What is Endocrinology?
Endocrinology is a medical specialty that deals with glands and hormones. Hormones are substances that act like chemical messengers between parts of the body. They are produced by glands, and travel in the bloodstream throughout the body where they act on different organs and cells to affect many different functions of life. Hormones control our appetite, growth, reproduction, and energy. When there is too little or too much of a hormone, an endocrinologist can help restore the balance.
Endocrinology problems are sometimes difficult and complex because hormones travel throughout the body and can affect more than one system. A single, simple imbalance can produce multiple, very different symptoms. Just a few of the diverse diseases treated by an endocrinologist include:
Diabetes (where insulin is not produced in the body or is not working well, and blood sugar levels rise, which damages tissues)
Hypothyroidism (where thyroid hormones are not produced well, reducing cell metabolism and energy)
Precocious Puberty (where reproductive hormones are produced too early in a child’s life)
Gigantism (where growth hormones are overproduced, leading to unusual size)
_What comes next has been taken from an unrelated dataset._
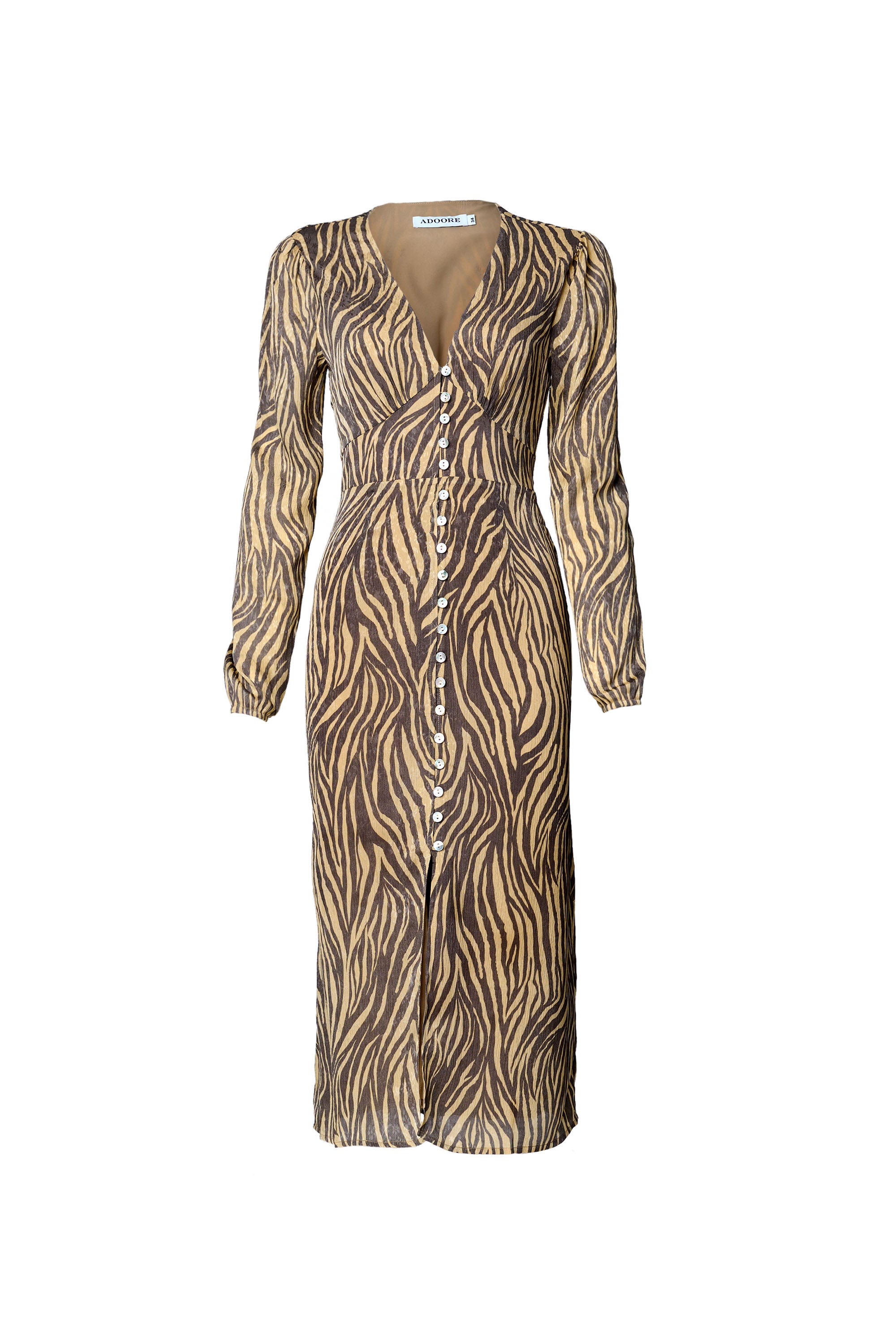 H and clearance m zebra dress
Endocrinology can contain subspecialties where physicians focus their care on specific groups of patients. For example, some endocrinologists are diabetic endocrinologists who know specifically how to care for diabetics’ particular needs in eye care, circulation, and foot care. Pediatric endocrinologists treat children. Whatever their subspecialty, all endocrinologists have the same goal: restoring balance when the body’s messaging system is not working correctly.
What is Rheumatology?
Rheumatology is the medical specialty that is concerned with arthritis and other diseases of inflammation. Inflammation can occur anywhere in the body, but it is most common in the joints and connective tissues. Arthritis, which occurs in the joints, is also a very common condition, so rheumatology is strongly associated with joint care. But rheumatology is about more that just arthritis. Other conditions that a rheumatologist might treat include:
Lupus, a chronic inflammatory disease
Ankylosing spondylitis, inflammation at the base of the spine
Sjogren’s syndrome, an autoimmune disorder that stops production of tears and saliva
Fibromyalgia, a disorder causing widespread, chronic pain and fatigue
Pediatric rheumatologists are doctors that specialize in treating inflammatory diseases in children. Rheumatoid arthritis, lupus, and other inflammatory diseases can begin even in childhood, and can cause a unique set of problems for active and growing children.
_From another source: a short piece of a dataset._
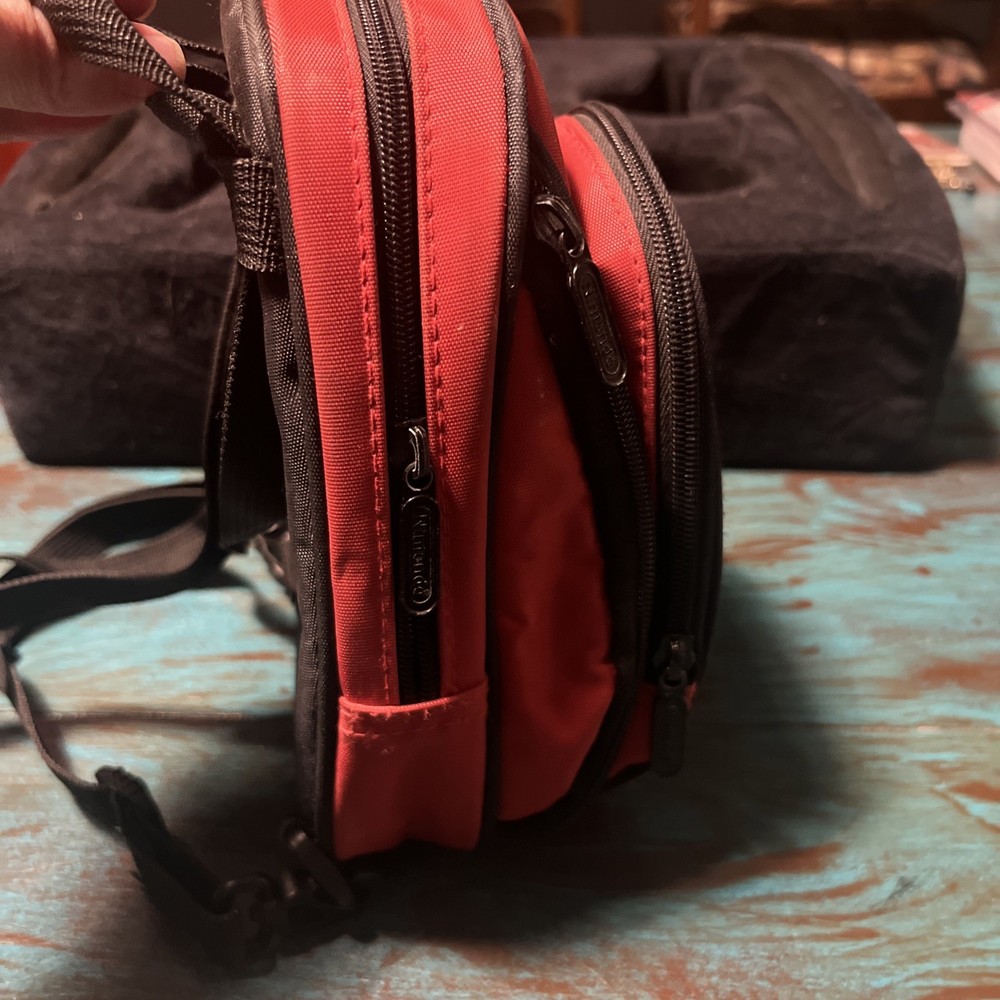 Red Mini Backpack NDS & Small Case NDS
Rheumatologists use patient symptoms as well as lab tests and imaging tests such as MRIs to diagnose disease. Treatment varies widely depending on the diagnosis, but it may include physiotherapy (to improve motion, ability, and function) or medications. Commonly prescribed medications include anti-inflammatories such as NSAIDS (e.g. Tylenol, Ibuprofen) and steroids, or immune system suppressants such as methotrexate and TNF inhibitor medications (e.g. Enbrel, Humira). The goal is always to increase the patient’s ability to move without pain and to reduce the need for future treatment.
Geriatrics is the subspecialty of internal medicine that provides primary care to older adults. Physical health tends to decline with age, and geriatricians work to manage such age-related concerns as chronic illness, frailty, multiple medications, and declining mental health to keep seniors as active and independent as possible.
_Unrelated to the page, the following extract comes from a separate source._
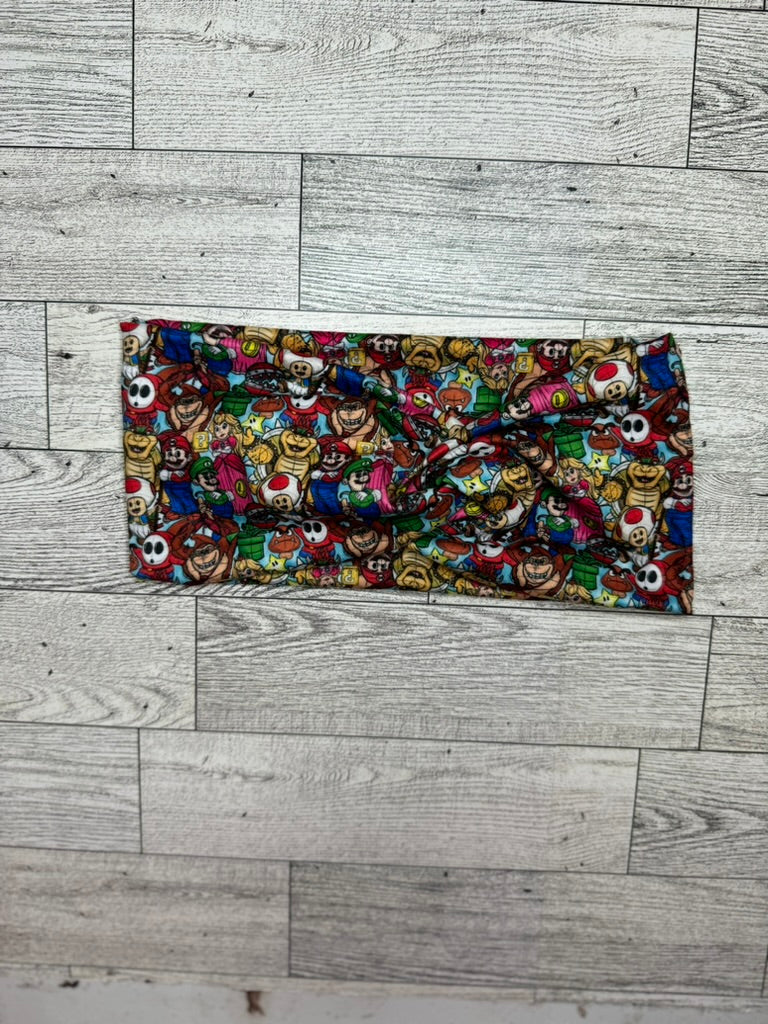 Super Mario Bros Headband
Some of the most common concerns seen by a geriatrician include:
Mobility issues, including the need for canes and walkers, as well as preventing falls
Osteoporosis, a weakening of the bones, which affects as many as a quarter of all men and half of all women over fifty
Loss of hearing or vision
Incontinence, or the inability to control one’s bladder
Memory loss, including dementia and Alzheimer’s disease
A geriatrician may also provide their patients with comprehensive care that includes checking on their social health. Seniors are at increased risk for poverty, loneliness, abuse, and injuries in the home. As part of their health care, a geriatrician may inquire about family support, living conditions, or the ability of a patient to perform daily self-care tasks.
In some cases, a geriatrician may serve as an advisor to other physicians on a specific case or condition. However, most of the time geriatrics is a primary care specialty, and geriatricians provide routine health care to the older patients they work with.